Measuring Post-Buyback Performance: A Framework for Separating Alpha from Beta
A company announces a significant share buyback, and its stock price subsequently outperforms the broader market. It is a common narrative, but for the discerning trader, the story does not end there. The important question is: how much of that outperformance was due to the buyback itself (alpha), and how much was simply a reflection of the stock's sensitivity to the market (beta)? The ability to decompose post-buyback performance into these two components is essential for accurately evaluating the true impact of a repurchase program and for making informed trading decisions. This article presents a framework for doing just that.

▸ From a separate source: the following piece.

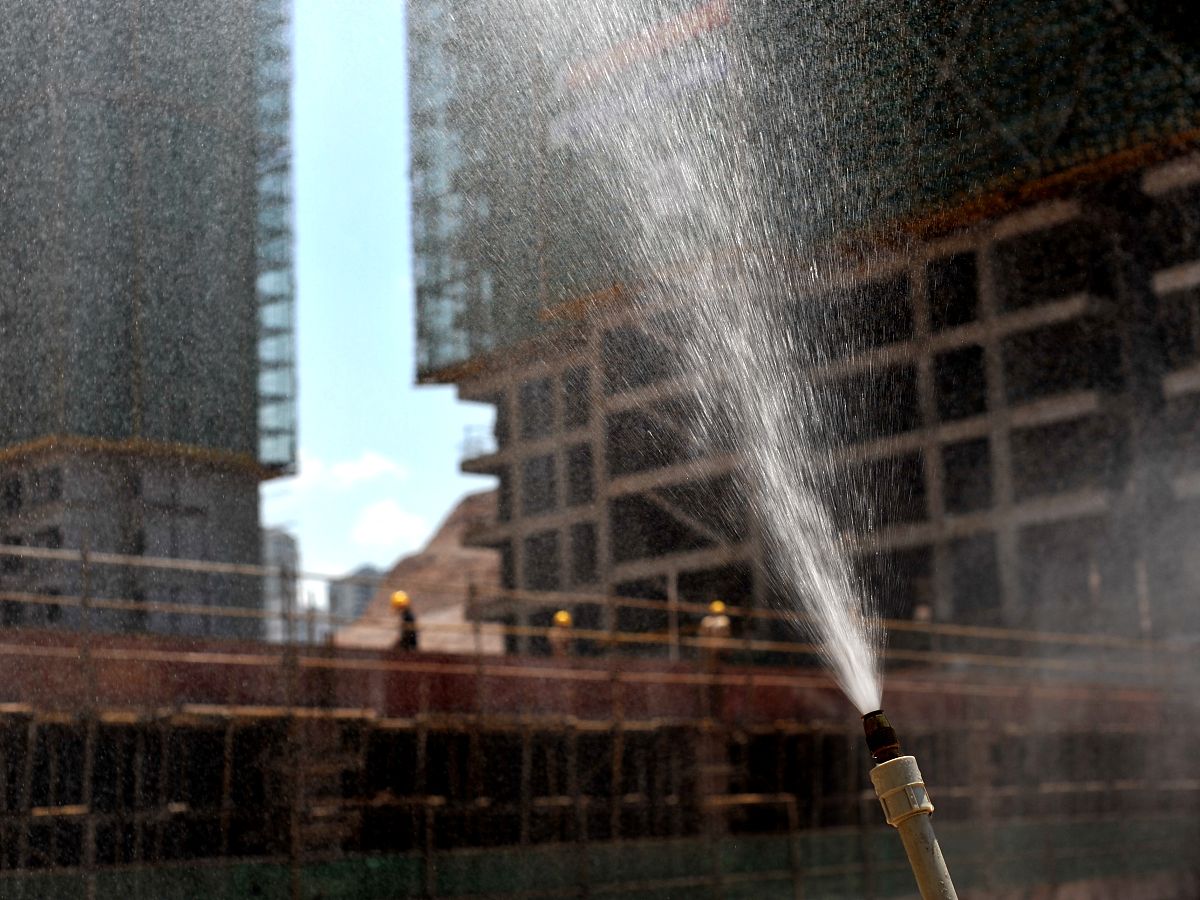 写一个地面隐藏式喷嘴除冰系统专利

The Challenge of Measuring True Impact
Measuring the true impact of a buyback is not as simple as comparing the stock's return to the return of the S&P 500. A stock's performance is influenced by a multitude of factors, including its industry, its size, its valuation, and its growth prospects. To isolate the impact of the buyback, we need to control for these other factors.
One of the most common ways to do this is to use a multi-factor model, such as the Fama-French three-factor model. This model explains a stock's return in terms of its sensitivity to three factors: the market factor (beta), the size factor (SMB, or small-minus-big), and the value factor (HML, or high-minus-low). By regressing a stock's returns against these three factors, we can determine how much of the return is explained by the factors and how much is unexplained. The unexplained portion is the alpha, and it is this alpha that we are interested in.
A Methodology for Creating a Peer Group and a Benchmark
To accurately measure the alpha generated by a buyback, we need to compare the stock's performance to a relevant benchmark. The S&P 500 is a good starting point, but it is not always the most appropriate benchmark. For example, if the company is a small-cap technology stock, it would be more appropriate to compare its performance to a small-cap technology index.
An even better approach is to create a custom peer group of companies that are similar to the company in question. This peer group should be composed of companies in the same industry, of a similar size, and with similar valuation and growth characteristics. By comparing the stock's performance to the performance of this peer group, we can get a much more accurate measure of the alpha generated by the buyback.
Using Regression Analysis to Isolate Alpha
Once we have a peer group and a benchmark, we can use regression analysis to isolate the alpha. The first step is to calculate the excess return of the stock and the excess return of the peer group. The excess return is the return of the stock or the peer group minus the return of the risk-free rate (e.g., the yield on a 3-month Treasury bill).
The next step is to regress the excess return of the stock against the excess return of the peer group. The output of this regression will give us two important numbers: the beta and the alpha. The beta is a measure of the stock's sensitivity to the peer group. A beta of 1.0 means that the stock is just as volatile as the peer group. A beta of 1.5 means that the stock is 50% more volatile than the peer group. The alpha is a measure of the stock's performance after controlling for its beta. A positive alpha means that the stock has outperformed the peer group, while a negative alpha means that it has underperformed.
Case Study: A Post-Mortem Analysis of a Major Buyback Program
Let's consider a hypothetical case study. In January 2023, a large-cap pharmaceutical company, PharmaCo, announced a $10 billion share buyback program. In the 12 months following the announcement, PharmaCo's stock returned 20%, while the S&P 500 returned 15%. On the surface, it looks like the buyback was a success. However, to be sure, we need to dig deeper.
First, we create a peer group of other large-cap pharmaceutical companies. We find that this peer group returned 18% over the same period. So, PharmaCo's stock outperformed its peers by 2%. This is a good start, but we still need to control for the stock's beta.
We regress PharmaCo's excess returns against the excess returns of the peer group. We find that the stock has a beta of 1.1 and an alpha of 0.5%. This means that after controlling for the stock's sensitivity to its peer group, the buyback generated an annualized alpha of 0.5%. This is a much more modest result than the initial 5% outperformance relative to the S&P 500, but it is also a much more accurate measure of the true impact of the buyback.
By using a rigorous framework for measuring post-buyback performance, traders can move beyond the simplistic narratives and gain a true understanding of the value created by these programs. This can lead to more informed trading decisions and a more profitable portfolio over the long run.